When filmmaker Richard Kelly made his feature directorial debut “Donnie Darko” in 2001, it caused a stir in the arthouse world. “Donnie Darko” quickly accumulated a passionate cult who fell in love with its unbalanced hero (Jake Gyllenhaal) and its twisted time-travel plot. It was a combination psychological horror film and bizarro indie coming-of-age-in-the-1980s tale. Unsurprisingly, it only took a few additional years for “Donnie Darko” to become a regular staple on the midnight movie circuit, with fans dressing up as the film’s enigmatic Frank the Bunny on Halloween.
The cult success of “Donnie Darko,” however, seemingly went to Kelly’s head as he appeared to become very, very convinced of his own importance as a new artistic voice in the indie film world. It took five years, but he eventually returned to theaters with the utterly gonzo “Southland Tales,” an epic and ambitious film about the horrors of the George W. Bush administration. “Southland Tales” boasted a huge cast and told a story of a near future where porn was the world’s biggest commodity, war was ranging everywhere, and time-traveling rebel groups congregated in Venice, California. The film notoriously bombed and its quality is hotly contested. Some critics love its ambition, while others bristle as its sloppy, sprawling narrative and weird ideas.

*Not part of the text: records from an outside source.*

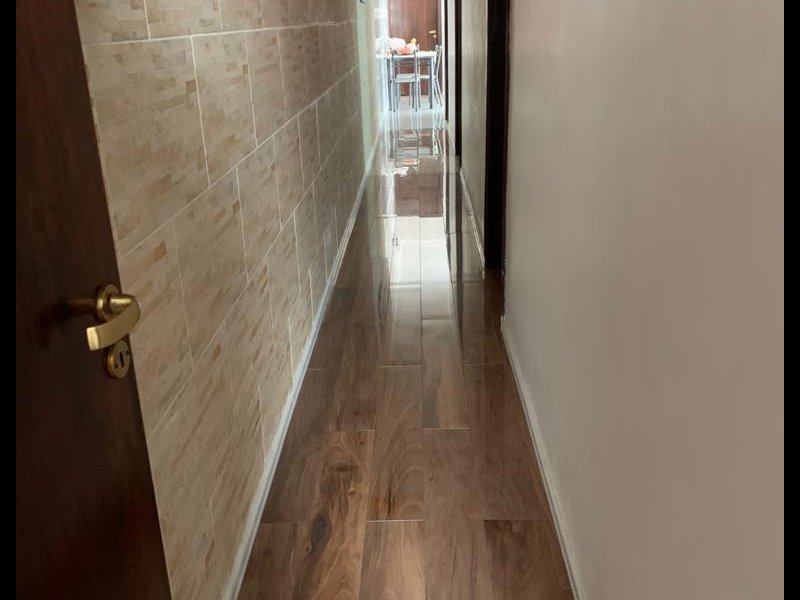 Casa à venda Canindé com 229m² e 5 quartos por R$ 1.300.000 - 1899532806-corredor-da-frente.jpg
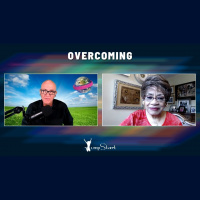 JumpStart -  Overcoming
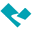 Luzerne County Community College logo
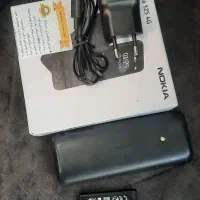 نوکیا 125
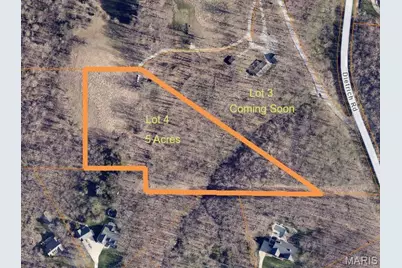 977 Dietrich Road, Foristell, MO 63348 - Photo 1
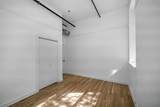 1015 Clinton St - Photo 7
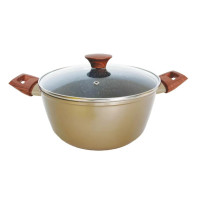  Winner Dorato, 6.4 , D=28 ,  ,  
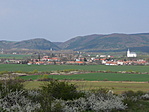 Kilátás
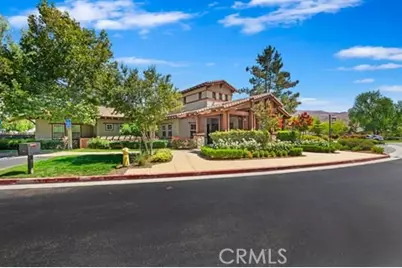 25241 Pacific Crest, Corona, CA 92883 - Photo 59
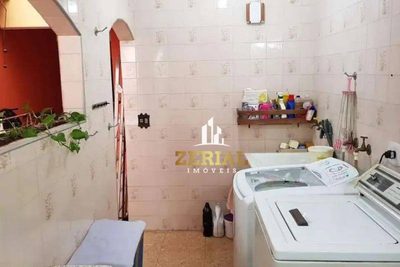 Casa, 3 quartos, 263 m² - Foto 5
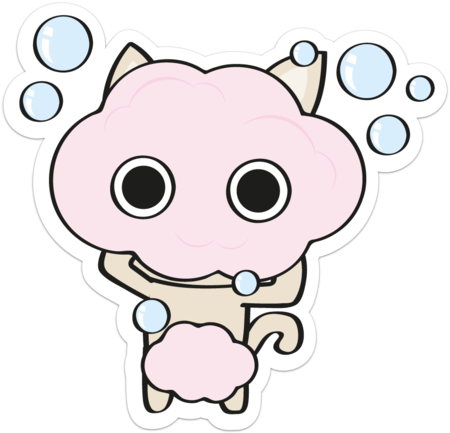 It Feels Like We're Alr On Our Holiday, With These - Thumbnail (520x520)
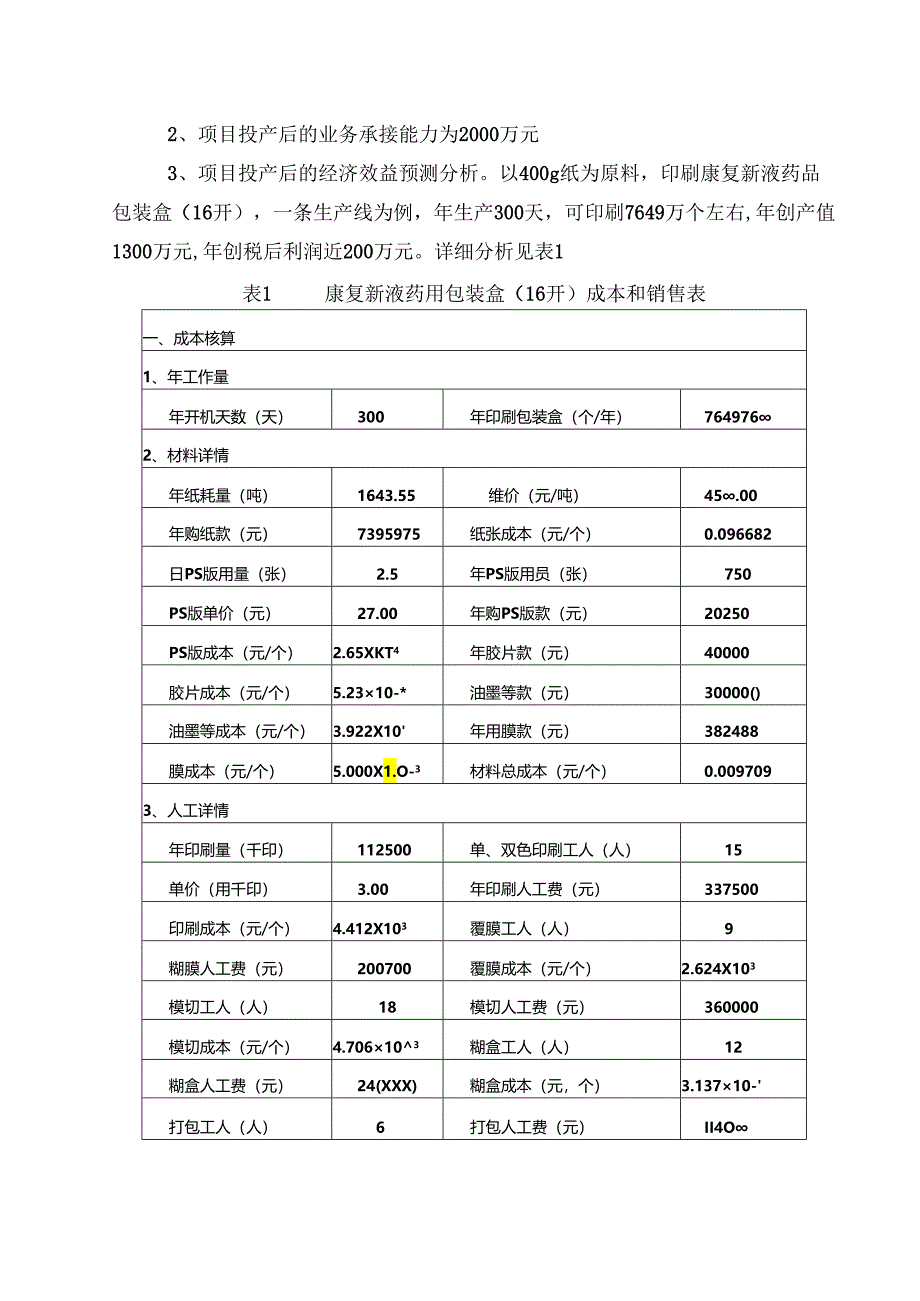 公司投资可行性报告.docx_第2页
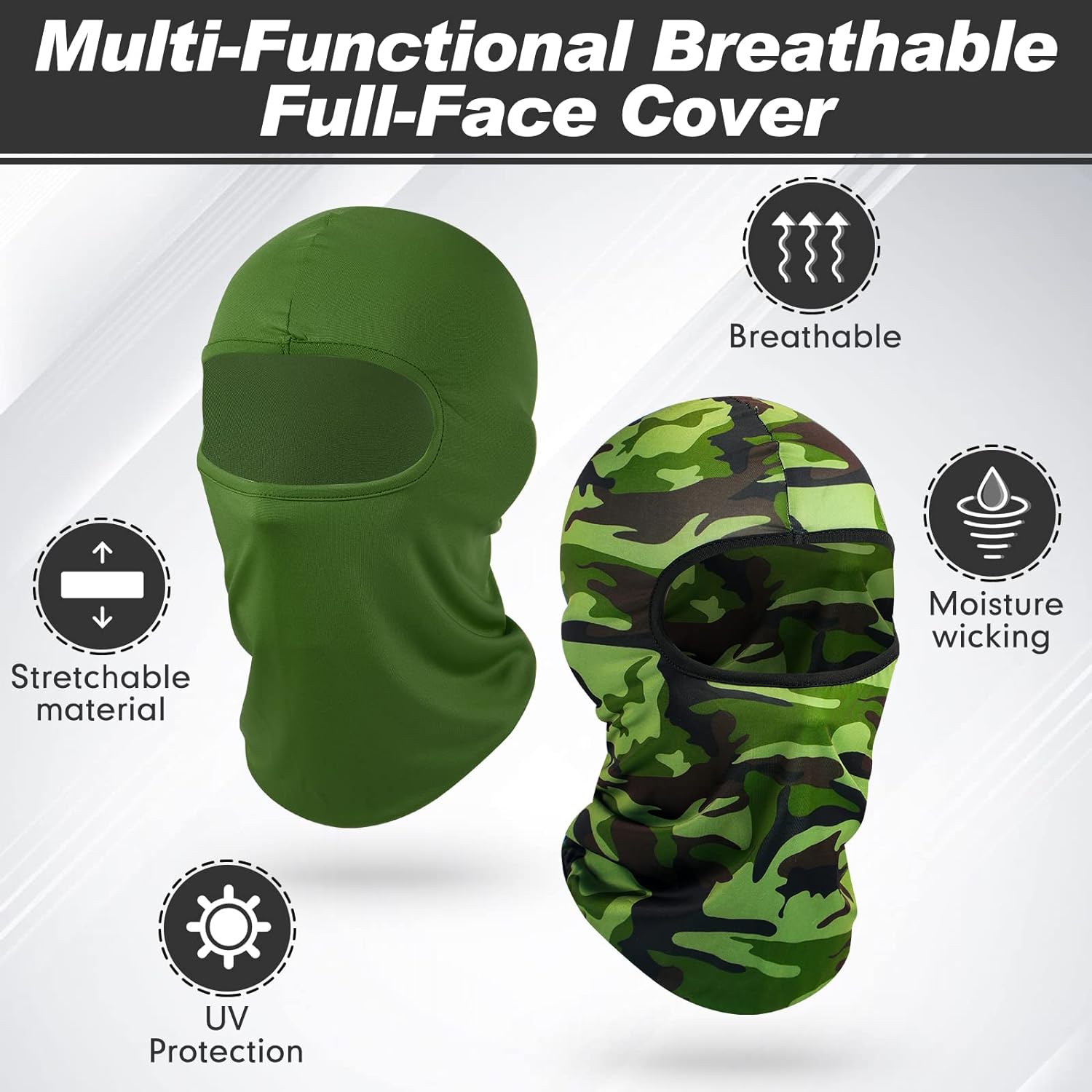 Balaclava untuk wanita topi be - Balaclava Ski Mask ulasan dan harga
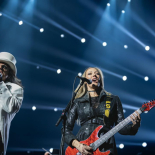 NIght-of-the-Proms-2025-19.12.2025-Lanxess-Arena-Koeln-30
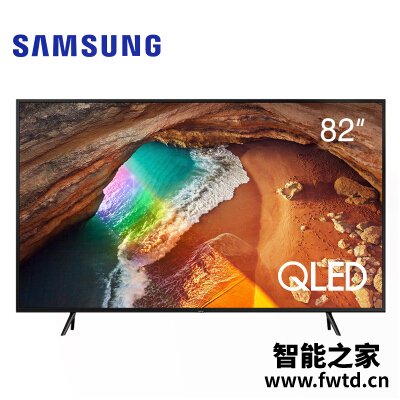 揭秘曝光平板电视三星65q60和70区别有没有?比较哪个好?优劣势对比 揭秘曝光平板电视三星65q60和70区别有没有?比较哪个好?优劣势对比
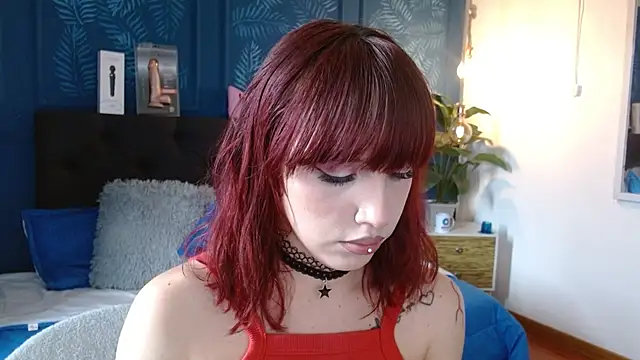 Snapshot of zohet_kriss chatting on April 29, 2026, 7:09 pm zohet kriss online show from April 29, 2026, 7:09 pm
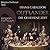 Die geliehene Zeit (Outlander, #2)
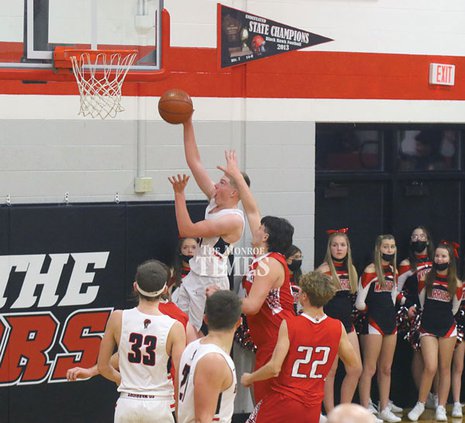s010822_Seth-Dunleavy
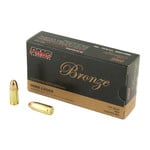 PMC PMC 9mm 115gr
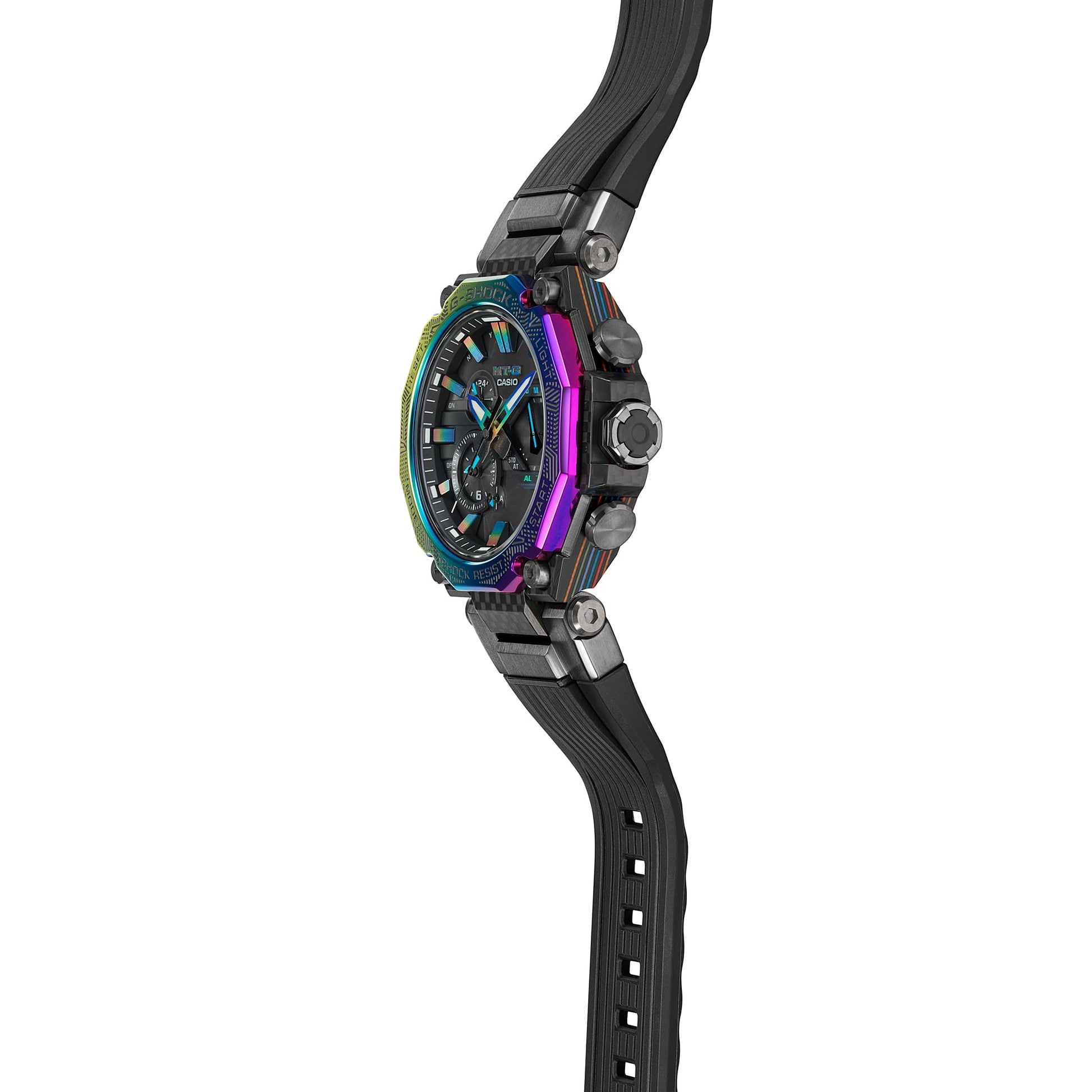 g-shock-mtg-b2000-series-mtgb2000yr1a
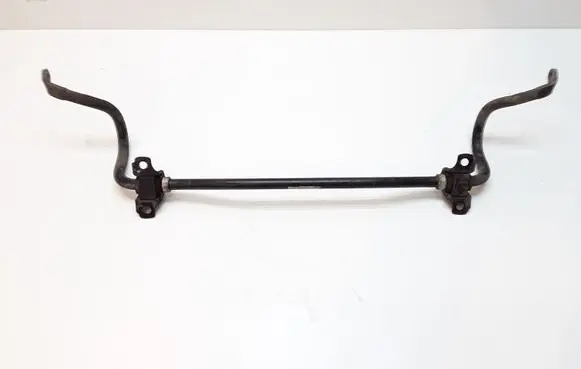 Volvo V70 Front anti-roll bar/sway bar 6G9N5482CC
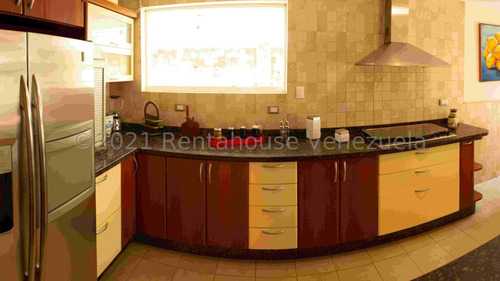 Imagen 7 de 21 de Casa En Venta San Luis Mls #22-703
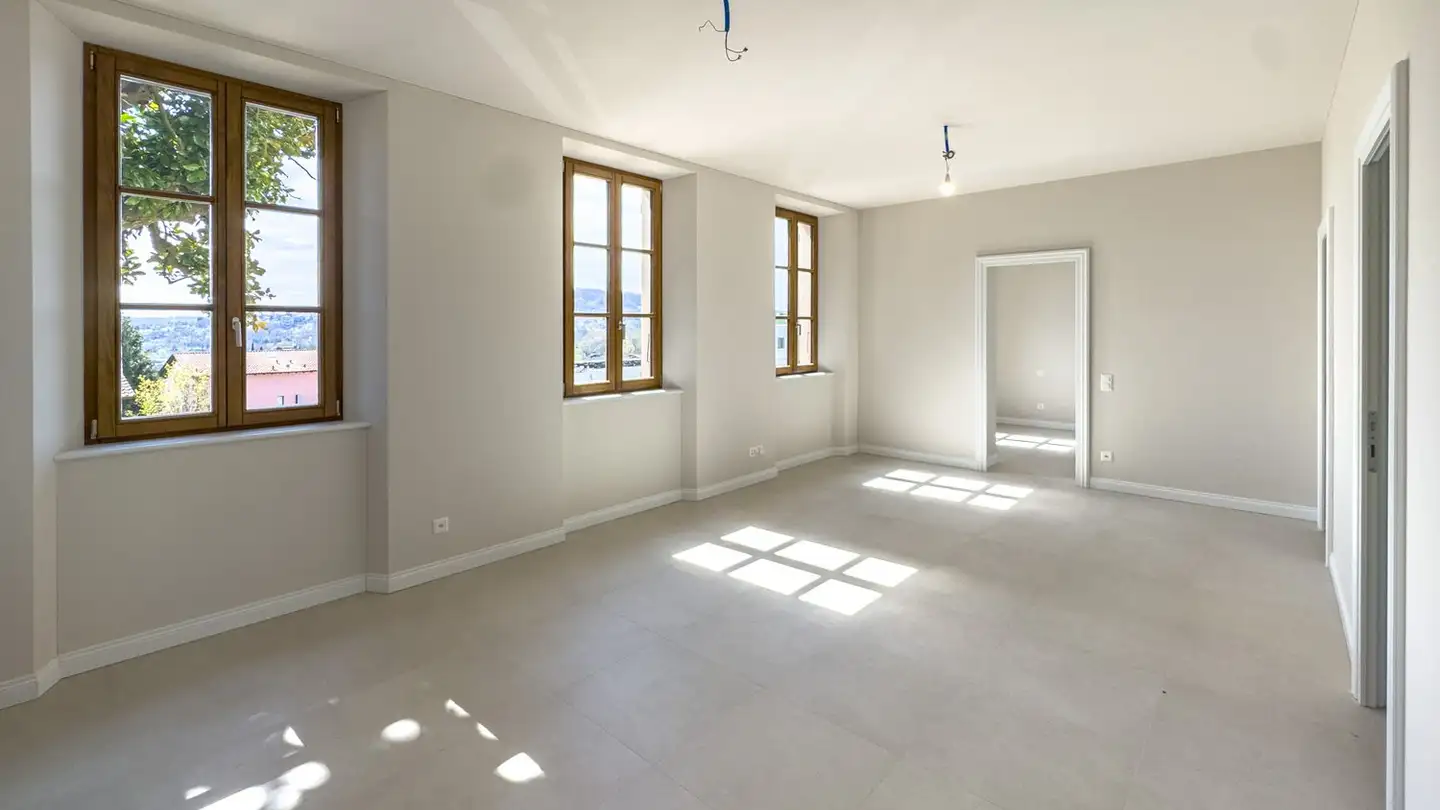 Appartamento in vendita - 6828 Balerna - Foto 2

After that, Kelly was humbled and scaled back his ideas a little bit. In 2009, he returned with his third (and, to date, most recent) feature film “The Box.” Based on the short story “Button, Button” by regular “Twilight Zone” contributor Richard Matheson, “The Box” starred James Marsden and Cameron Diaz as an average suburban couple in 1976 who receive a … mysterious offer from the equally mysterious fellow named Arlington Steward (Frank Langella).
“The Box” must have also humbled Kelly, as the $30 million movie barely broke even at the box office.
The Box barely broke even at the box office
Matheson’s original story was published in Playboy in 1970 and featured a tantalizing premise: a woman named Norma is visited by a stranger holding a wooden box with a button on it. The stranger explains that if she pushes the button, she will receive $50,000, but also that someone she doesn’t know will die. Norma pushes the button, and receives the $50k … but as an insurance payment after her husband dies. Norma points out that the death was supposed to be someone she didn’t know. The ironic response: “Did you really know your husband?”
“The Box” expands the premise slightly. Norma (Diaz) and her husband Arthur (Marsden) both have high profile jobs that they are on the cusp of losing. (She’s a professor and he designs cameras for Mars probes.) The mysterious stranger, Arlington Steward, arrives with the titular box, sporting a large red button on it. The cash offer is now $1 million and they have 24 hours to decide if they want to kill someone they don’t know.
Norma pushes the button without Arthur’s consent, leading to a wild dash to return the $1 million prize, but also a deep investigation into who Arlington might be, who he might be working for, and how the button works. There are all kinds of weird shadowy conspiracies and secret spies in Norma’s and Arthur’s lives, including a revelation involving advanced alien technology. There are also a few repetitions of the old saw about super-advanced technology looking like magic to more primitive individuals.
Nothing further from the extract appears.